Vendre des perles sur internet : Histoire d’entrepreneur
Au commencement, il n’était pas question de joaillerie. Seulement de voyages, de rencontres… et d’un regard posé, un jour, sur un collier de perles.

Au début, ce n’était pas par amour des bijoux — et encore moins des perles — que j’ai été amené à exercer ce métier.

Ce qui m’animait alors était tout autre : la passion du voyage, le goût de l’inconnu, le désir presque instinctif d’explorer, de rencontrer, d’aller là où l’on ne va pas toujours.

En 2002, une opportunité m’a conduit en Chine, dans le cadre d’un stage de formation. À cette époque, j’étais déjà engagé dans une activité entrepreneuriale : je sourçais des produits pour des entreprises et industriels français.

Chaque semaine, je partais à la rencontre de nouveaux fournisseurs. Observer, négocier, comprendre, comparer… c’était mon quotidien.

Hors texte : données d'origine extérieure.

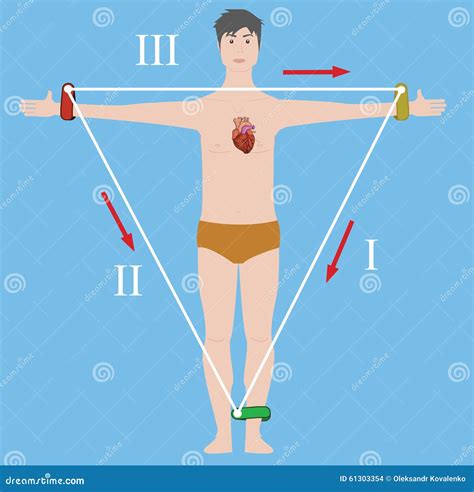 Einthoven ECG Triangle, Including Augmented Unipolar Limb Lead Royalty ...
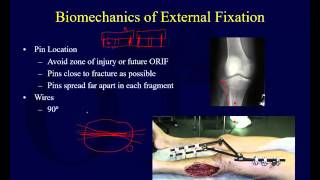 Orthopaedic Implants 2  External Fixation [upl. by Wales]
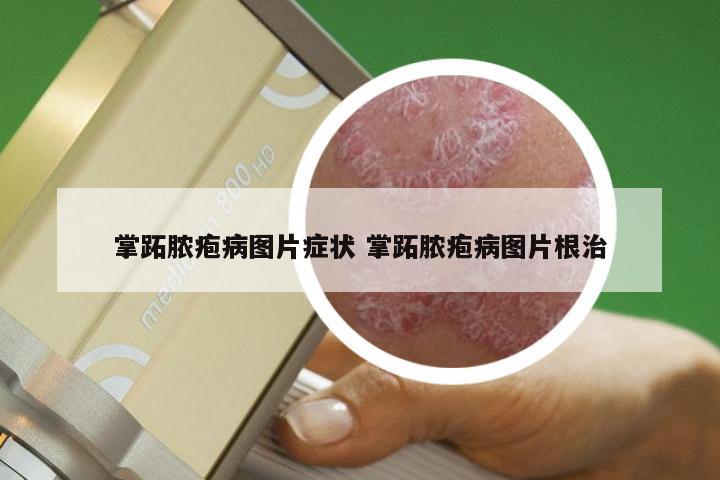 掌跖脓疱病图片症状 掌跖脓疱病图片根治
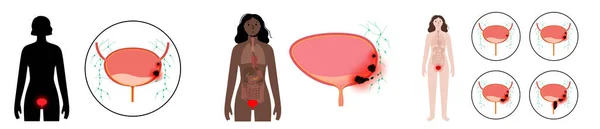 Stades de cancer de la vessie — Image vectorielle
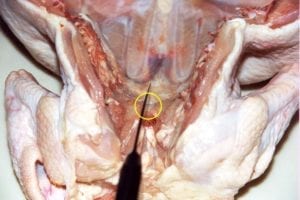 Cutting cartilage to expose top of breastbone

Puis un jour, presque par hasard, mon regard s’est arrêté sur un collier de perles exposé en vitrine.

Il était là. Silencieux. Évident.

Après une négociation rapide, je suis reparti avec lui.

Les perles étaient bien rondes, leur surface lumineuse, l’ensemble remarquablement équilibré. Je n’y voyais alors qu’un bel objet — rien de plus.

De retour en France, je l’offris en cadeau.

La suite fut inattendue.

En moins de vingt jours, un véritable engouement se forma autour de ce collier. Le bouche-à-oreille fit son œuvre.

« Où l’as-tu trouvé ? » « C’est magnifique. » « Ce prix est incroyable. »

Je compris alors que quelque chose s’était produit.

Intrigué, je me mis à observer cet objet autrement. Non plus comme un simple bijou… mais comme un point de départ.

Les questions commencèrent à affluer :
  • Où les perles sont-elles réellement produites ?
  • Comment se forment-elles ?
  • Qui réalise ces colliers ?
  • Quelle est la durée de vie d’une perle ?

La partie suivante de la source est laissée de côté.